For most modern people, the concept of imagining a world without a tangible, rigid religion seems almost impossible.

However, millions of indigenous people worldwide don’t even have a word for “religion.” Instead, their practice of spirituality is rooted in everything around them, from geographic features and weather to the birds and the bees.

This concept spread all over the world and different from one community to the next, is loosely known as animism and might just be the oldest sort of religion in the world.

So what is animism, and what makes it different from all of the other spiritual belief systems throughout the world?

Defining Animism 

At its core, animism is the fundamental belief that everything has a unique and distinct sort of spiritual essence.

This includes all living creatures, from humans and animals to plants and insects — but also more abstract things, like objects, places, and even geographical features.

To anyone who finds this concept strange, remember that animism is probably one of the oldest sorts of spirituality on the planet, far older than contemporary organized religions [1]. 

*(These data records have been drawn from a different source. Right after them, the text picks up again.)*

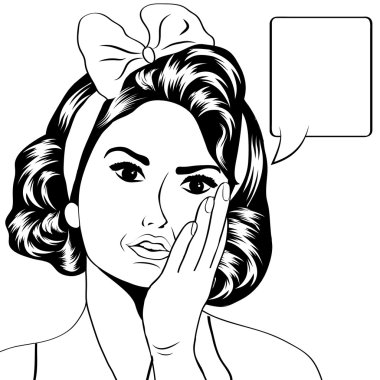 Cute retro kadın çizgi roman tarzı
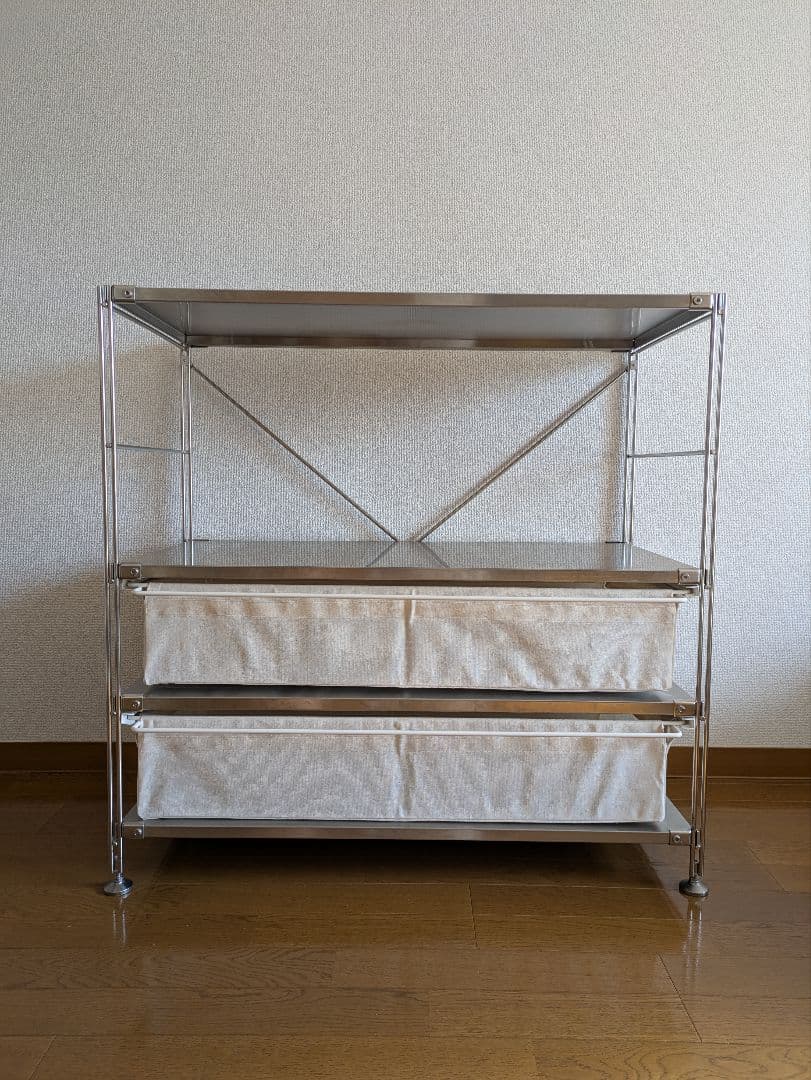 ステンレスユニットシェルフ　ステンレス棚セット　ワイド　小　無印良品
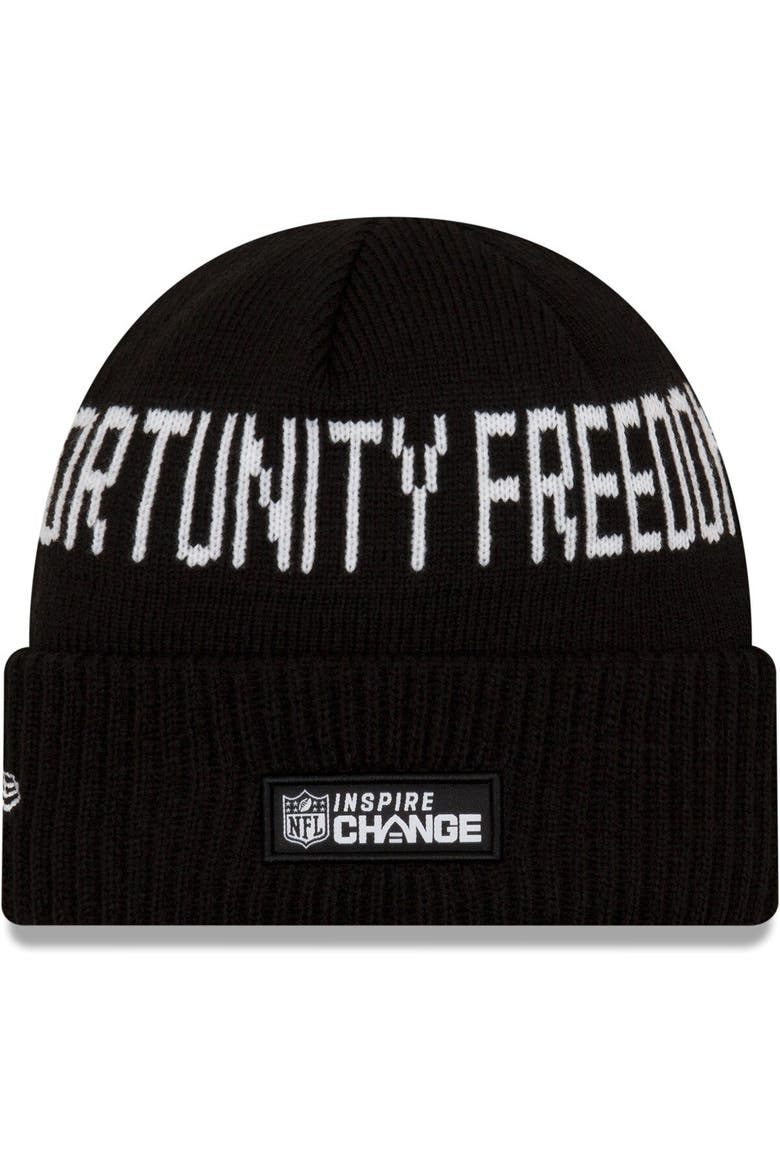 Men's New Era Black Tampa Bay Buccaneers Team Social Justice Cuffed Knit Hat, Alternate, color, Black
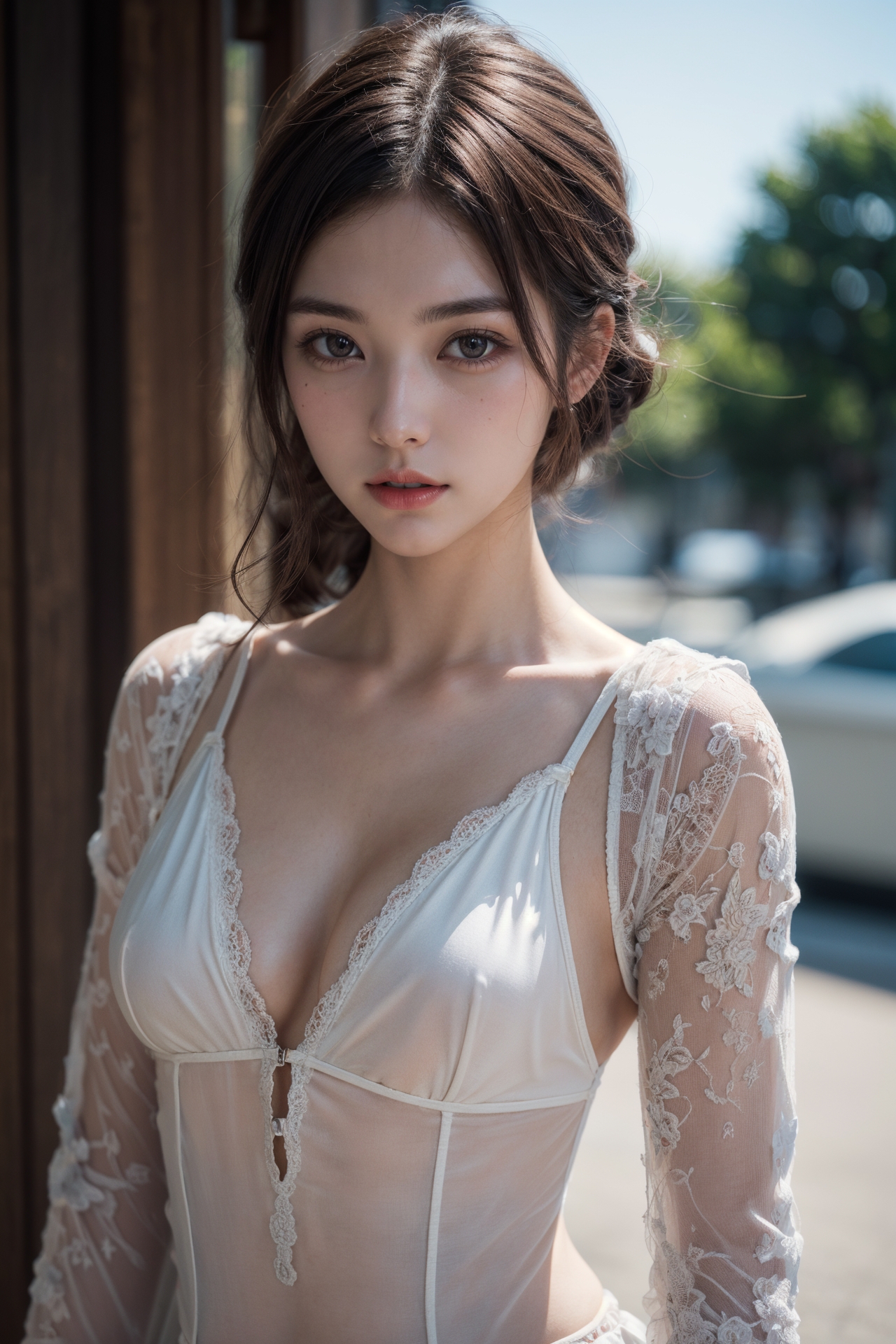 General 1280x1920 AI art Stable Diffusion women looking at viewer frills realistic brunette Asian portrait display blurred blurry background digital art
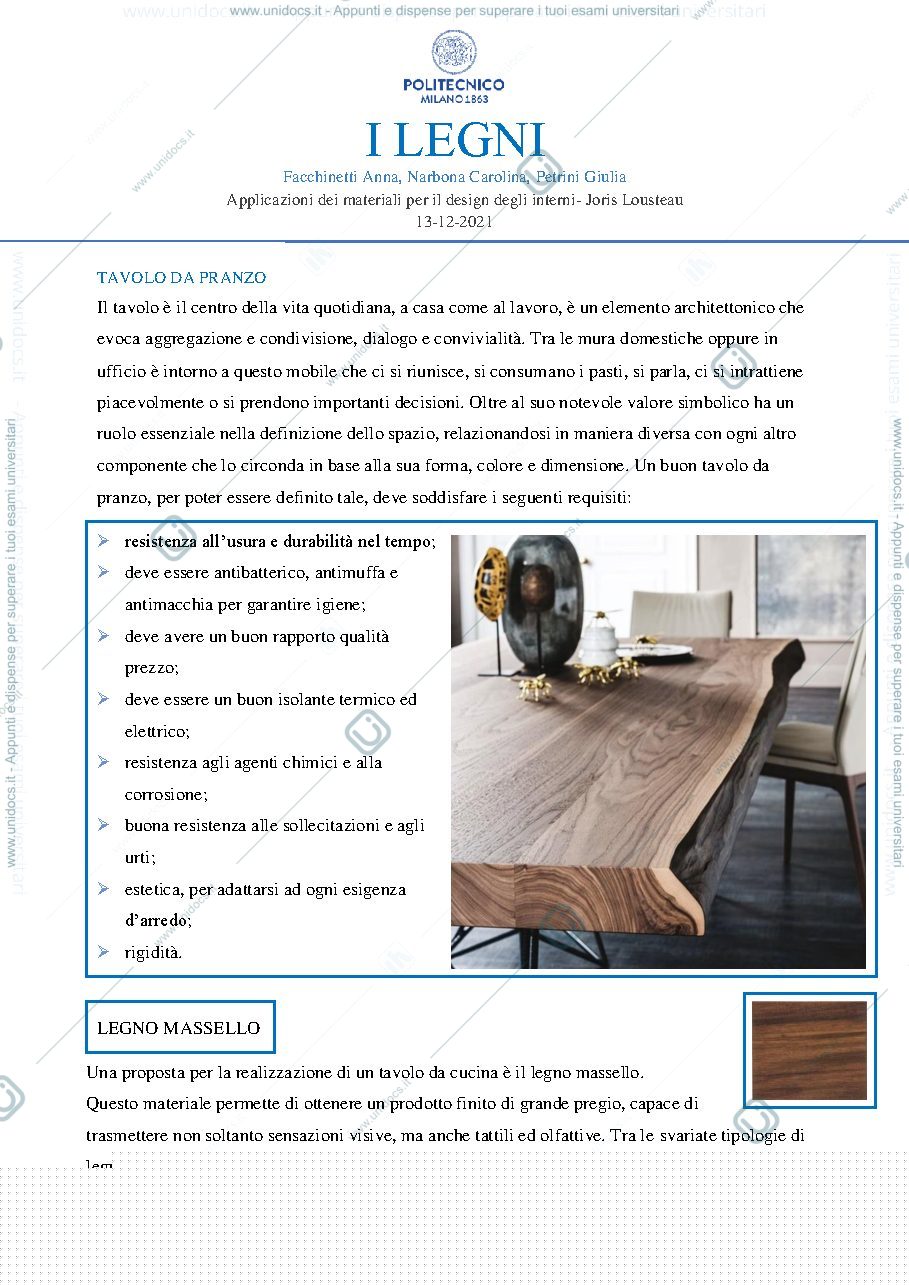 Anteprima pagina 1 — Relazione sui legni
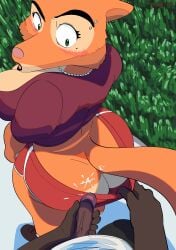 absurd_res ass big_breasts big_butt blush blush_lines breasts brown_body brown_fur candid canid canine clothing clothing_pull cum_into_clothes diane_foxington dreamworks duo female fox fox_tail fur genitals grass_field hi_res male mammal penis shirt tagme the_bad_guys toonarscontent topwear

Before there were organized and centralized religions, humanity practiced this form of spirituality globally, each with its own unique twist and specific focus.

Complicating the matter is the fact that animism is one of those terms that we use in modern times to describe something that is unnamed and fundamentally inherent to many different cultures.

When scholars refer to animism [2], it’s usually in reference to the broader category of religions and spiritualities that exist in indigenous cultures, usually by way of comparing it with contemporary organized religions.

However, the people who practice animism would not view themselves as practicing any sort of religion or specific spirituality — it’s simply part of their inherent culture.

Complicating this is the fact that the broad definition of animism applies to a thousand or more different cultural practices, many of them lost to time or are as-of-yet still unstudied.

If you were to study native peoples in Mexico and observe their spiritual practices 1000 years ago, you would find them totally different from even the Potawatomi people that lived on the same continent.

However, their fundamental belief that the world around them has a “spirit” was shared, even if the way they acknowledged it or honored them was different.

There are all sorts of different traditions within the broad category of animism, each contributing to the myriad of distinct aspects of spiritualism around the world.

The Diverse Traditions Of Animism

When modern people think of animism, they tend to think of it in terms of ancient spiritual practices — images of sacrifice or worshiping trees and the like.

However, the unique aspect of animism is how distinct each different culture practices the same fundamental belief in the inherent spirituality of the world around them.

For example, the types of animism that indigenous peoples in North America practiced [3] tended to focus on the natural world’s collaborative spirit. Native peoples of the Pueblo regions, for example, believed that the pots that they made from clay had their own individual spirit and existed as a result of a compromise between the clay and the human that made them.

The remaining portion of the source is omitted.